По-видимому, и Дёблин, и Солженицын имели в виду выразить в своих произведениях скрытую «правду» истории, хотя представляли себе ее совершенно по-разному. Это было связано с тем, что их творчество было основано на разных концепциях субъекта.
В статье «Исторический роман и мы» (1936) Дёблин писал, в некоторых отношениях прямо предвосхищая «Тезисы о понятии истории» Беньямина:
Он [автор] вовсе не предполагает рыться в… могилах подобно археологу, чтобы после обогатить какой-нибудь музей, но хочет уже погрузившееся в землю переместить – живым – в мир,
мертвым – открыть уста,
их иссохшим костякам – вернуть способность к движению. […] Автор… продумывает и прощупывает пядь за пядью свой материал, и когдахочет что-то ухватить – и ухватывает,
– то подталкивает его к этому отнюдь не бессмысленное стремление к объективности, а единственная неподдельность, которая возможна для индивида на этой земле: пристрастность действующего. […]Куски истории, заимствованные из нее части становятся кусками его самого, и он их вы-ставляет, последовательно, один за другим, и так выстраивается особый, действительно вперед-живущий и до конца себя из-живающий мир
(eine wirklich sich hinlebende und auslebende Welt). […]Ибо мы сделаны из того же теста, что и те, пребывающие в могилах, и обстоятельства, условия, в которых мы живем, позволяют нам на время приютить у себя и тех, кто, по видимости, совершенно отличен от нас.
[761]761
Döblin A. Die Vertreibung der Gespenster. S. 518–520. Перевод Т. Баскаковой. Сохранены шрифтовые выделения источника.
[Закрыть]
Солженицын явно перекликается с Дёблином в двух пунктах: его проза направляется стремлением «открыть уста мертвым» и выражает стремление вмешаться в историю с точки зрения «пристрастности действующего». Но он далек от идеи «приютить у себя и тех, кто, по видимости, совершенно отличен от нас», хотя и был уверен, что стремится к пониманию обеих сторон исторического конфликта (ср., например, его объяснения по поводу исторической книги о русско-еврейских отношениях «Двести лет вместе»). Кроме того, Солженицын не считал, что делает исторические события «кусками себя самого», так как воспринимал самого себя не как субъективного, а как объективного наблюдателя.

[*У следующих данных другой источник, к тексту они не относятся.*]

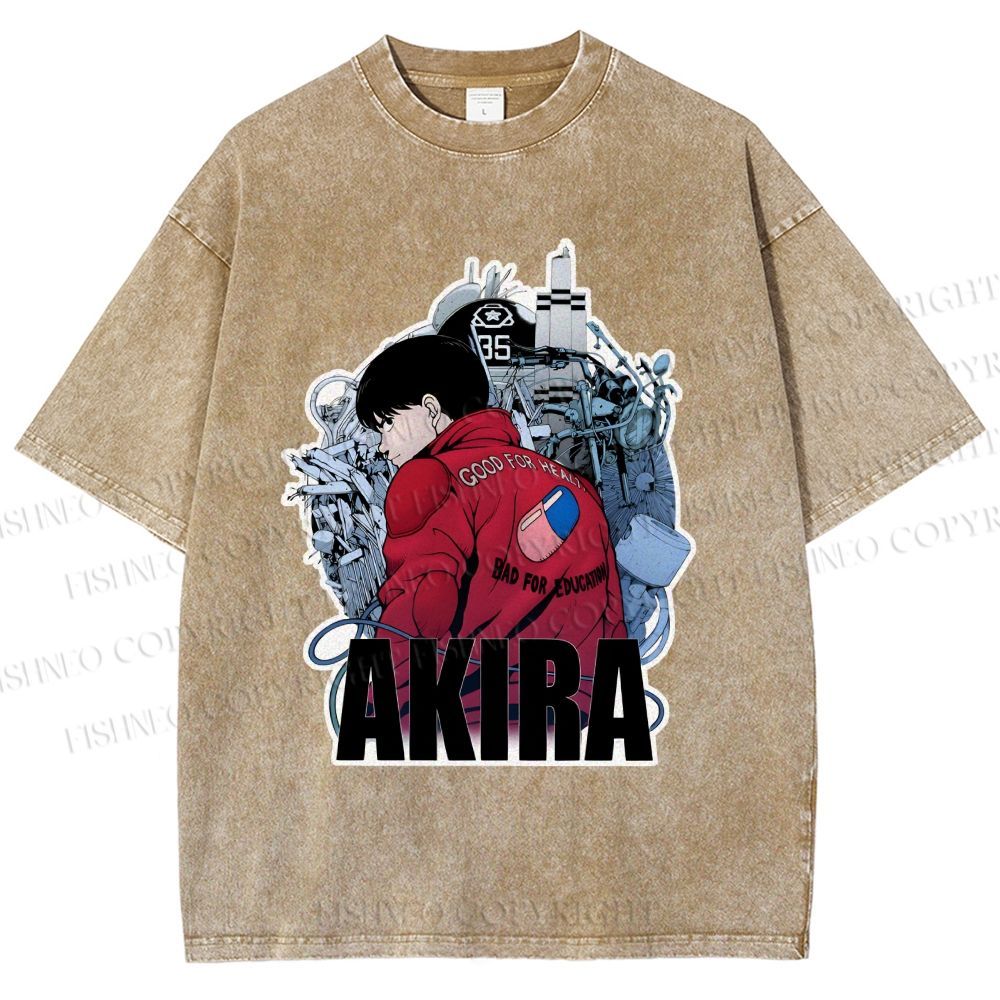 Unisex Japanese Anime Akira Printed Washed Tee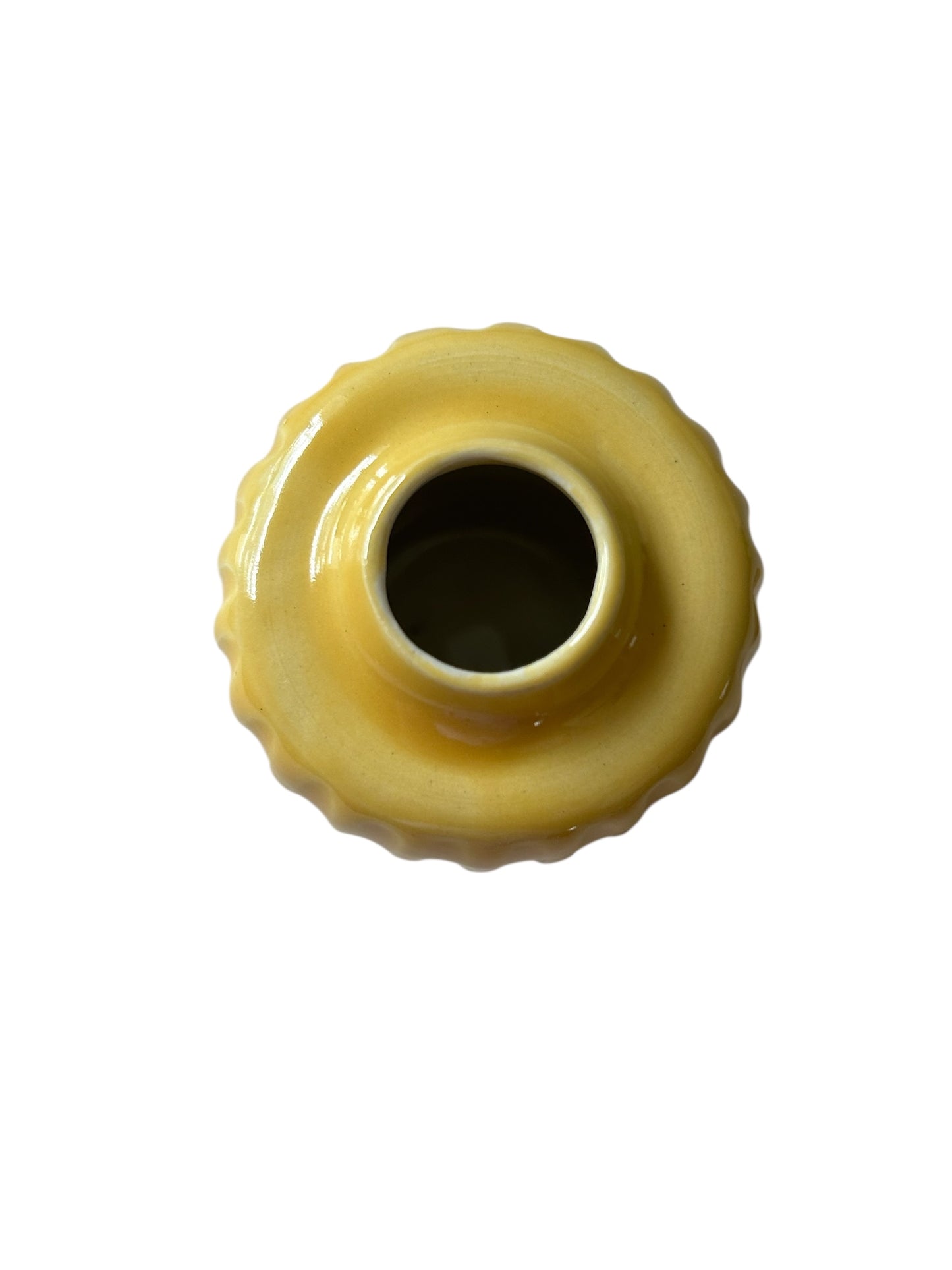 Small Fluted Bottle #2 in Marigold Yellow with Natural Cork Top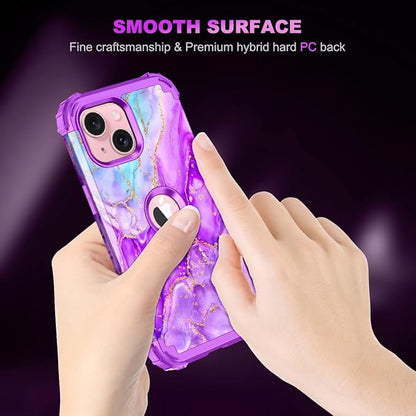 Casetego for iPhone 13 Case,iPhone 14 Case,Three Layer Heavy Duty Sturdy Shockproof Protection Full Rugged Hard PC+Soft TPU Bumper Protective Girls Case for Apple iPhone 13/14 6.1 inch,Bright Purple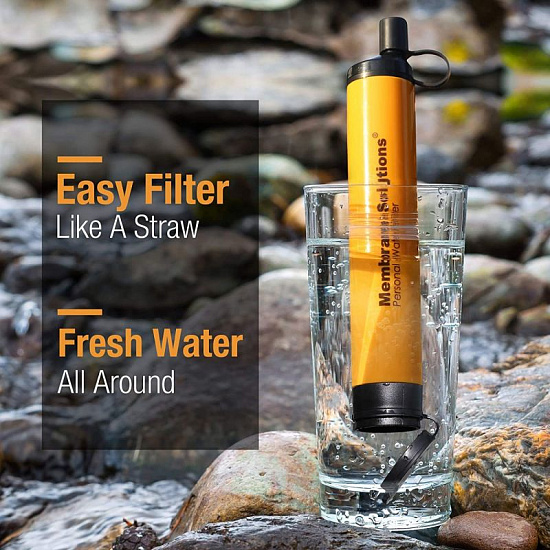 Фильтр для воды Membrane Solutions Water Filter Straw Orange - Фото 3 большая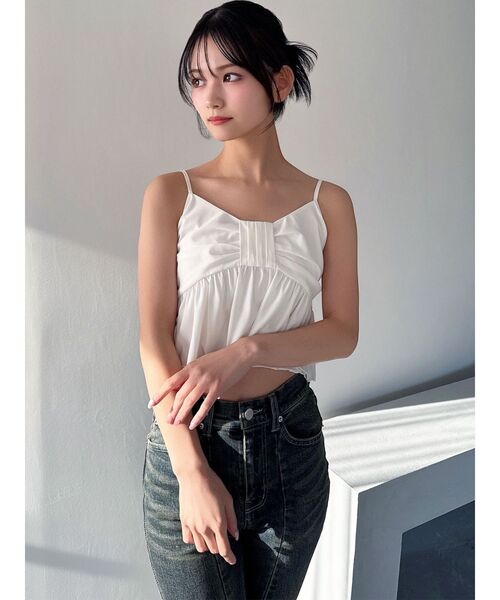 RESEXXY（リゼクシー）の「リボンペプラムキャミ 【セットアップ着用可能】（シャツ/ブラウス・レディース・ブルー/ホワイト/ピンク・FREE）」の16枚目の写真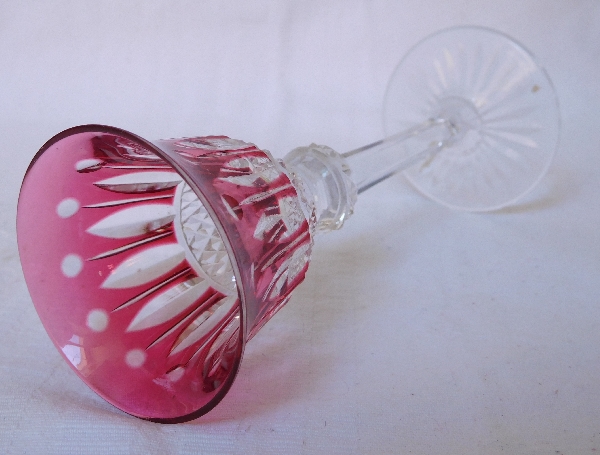 St Louis crystal liquor glass, Tommy pattern, pink overlay crystal - 13.4cm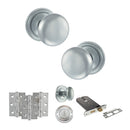 Old English Harrogate Door Knob Pack (Lock Set - Horizontal Bathlock, 3" Fire Rated Hinges x3) - Satin Chrome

Несмотря на эти расхождения, переклички между принципами организации двух романных исторических эпопей – Дёблина и Солженицына – весьма значимы.
В дёблиновском цикле действуют многочисленные исторические лица под собственными именами – и вымышленные герои. Политические деятели, особенно социал-демократы, изображены очень иронически, а вся эпопея Дёблина описывает крах революции, руководство которой взяли на себя представители именно этой партии. В других эпизодах автор, оставляя насмешливый тон, патетически описывает происходящее как результат действия божественных и дьявольских сил. Особенно это заметно в последнем романе, который представляет историю убийства Розы Люксембург как высокую трагедию, приводящую к спасению души немецкой коммунистки – «искательницы богов» (определение Дёблина – «Göttersucherin»). И структура мира персонажей, и ироническая интонация, и религиозные объяснения происходящего – все это находит соответствия в эпопее Солженицына.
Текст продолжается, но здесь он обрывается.